■ Work instruction:
Within the material below, how many lines carry the word "Western"? Only that number is wanted.

■ Source data:
+++
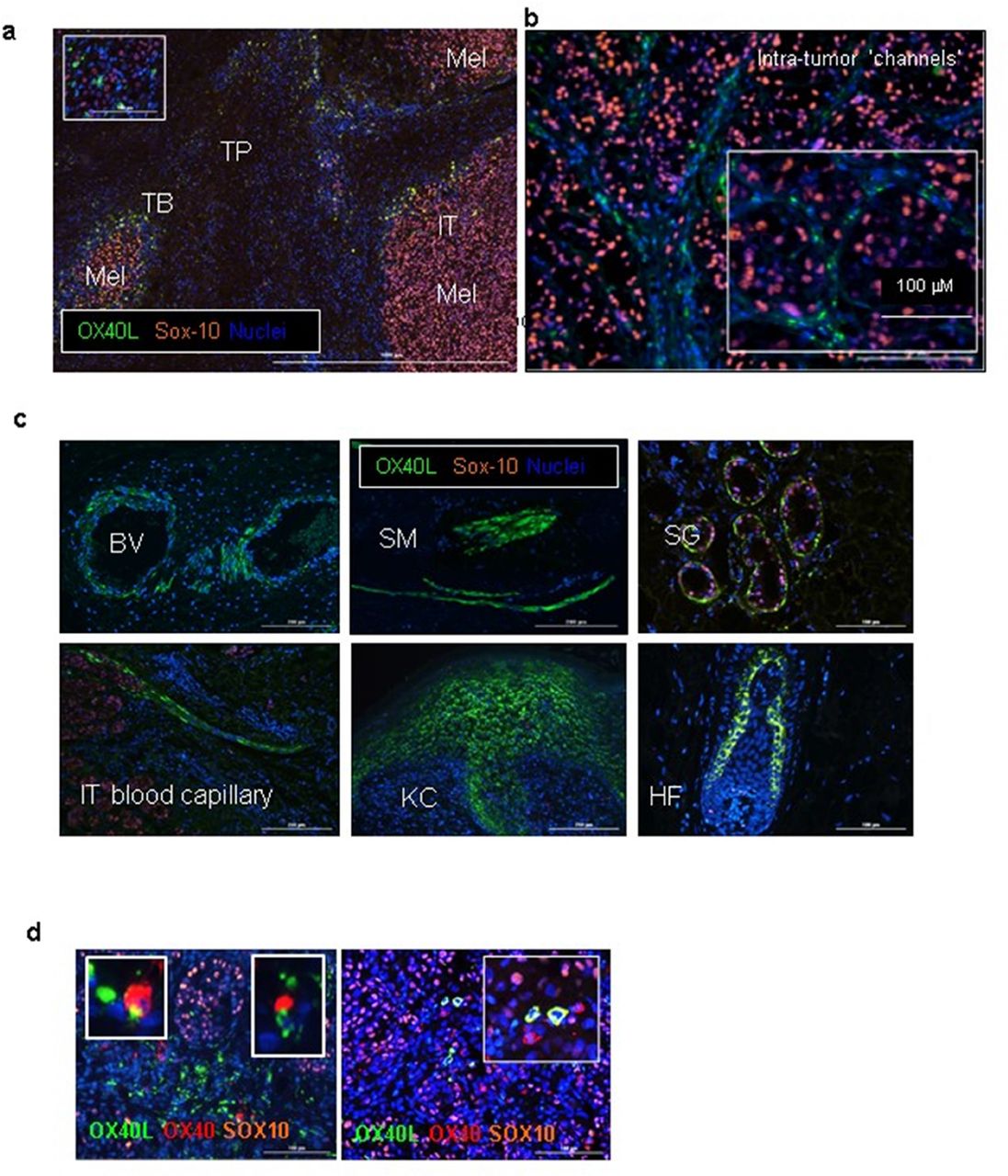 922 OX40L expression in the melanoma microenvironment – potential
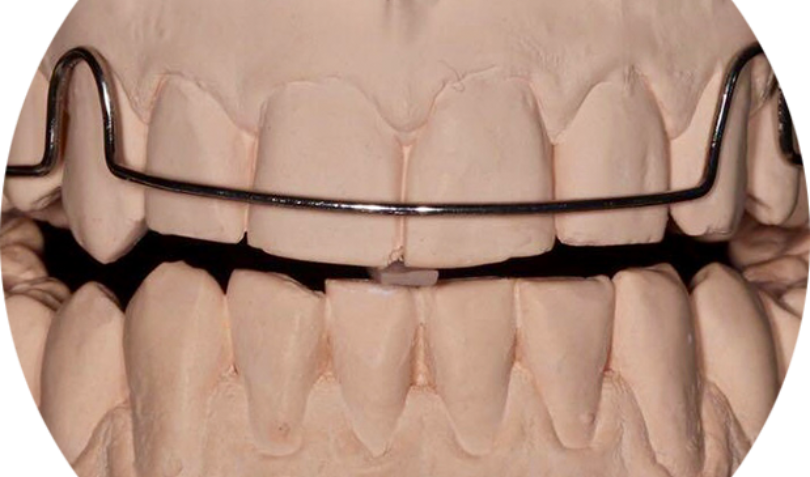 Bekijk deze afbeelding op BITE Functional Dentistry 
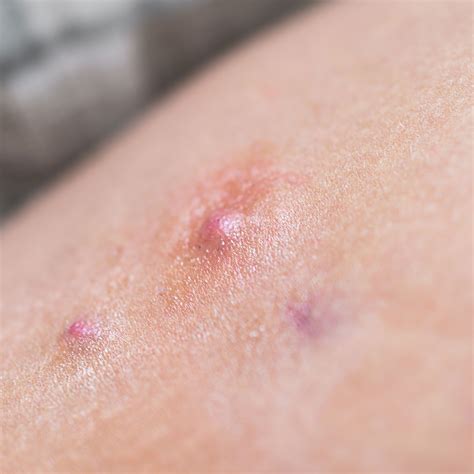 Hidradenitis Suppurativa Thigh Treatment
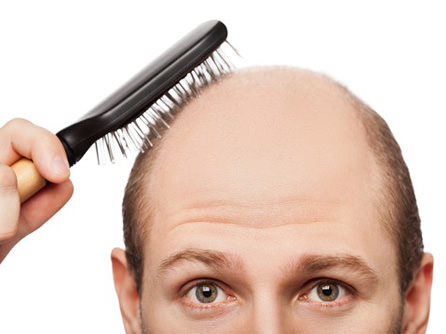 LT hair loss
+++
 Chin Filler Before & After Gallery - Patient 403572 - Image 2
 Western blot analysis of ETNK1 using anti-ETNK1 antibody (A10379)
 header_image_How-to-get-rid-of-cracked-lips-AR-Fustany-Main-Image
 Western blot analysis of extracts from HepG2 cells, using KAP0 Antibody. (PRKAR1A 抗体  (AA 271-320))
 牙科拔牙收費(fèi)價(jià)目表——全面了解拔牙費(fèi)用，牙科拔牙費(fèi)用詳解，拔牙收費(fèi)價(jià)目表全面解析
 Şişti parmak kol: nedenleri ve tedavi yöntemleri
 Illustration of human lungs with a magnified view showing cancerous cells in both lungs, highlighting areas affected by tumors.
+++
■ Expected output:
2